== Given material ==
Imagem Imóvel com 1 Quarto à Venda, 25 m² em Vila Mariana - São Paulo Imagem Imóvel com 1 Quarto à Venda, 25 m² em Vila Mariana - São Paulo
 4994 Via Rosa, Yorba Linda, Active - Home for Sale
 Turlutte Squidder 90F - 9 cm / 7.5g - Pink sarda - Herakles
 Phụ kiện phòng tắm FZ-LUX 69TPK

== Exercise ==
Copy out all of the listing, exactly as it reads.

== Answer area ==
Imagem Imóvel com 1 Quarto à Venda, 25 m² em Vila Mariana - São Paulo Imagem Imóvel com 1 Quarto à Venda, 25 m² em Vila Mariana - São Paulo
 4994 Via Rosa, Yorba Linda, Active - Home for Sale
 Turlutte Squidder 90F - 9 cm / 7.5g - Pink sarda - Herakles
 Phụ kiện phòng tắm FZ-LUX 69TPK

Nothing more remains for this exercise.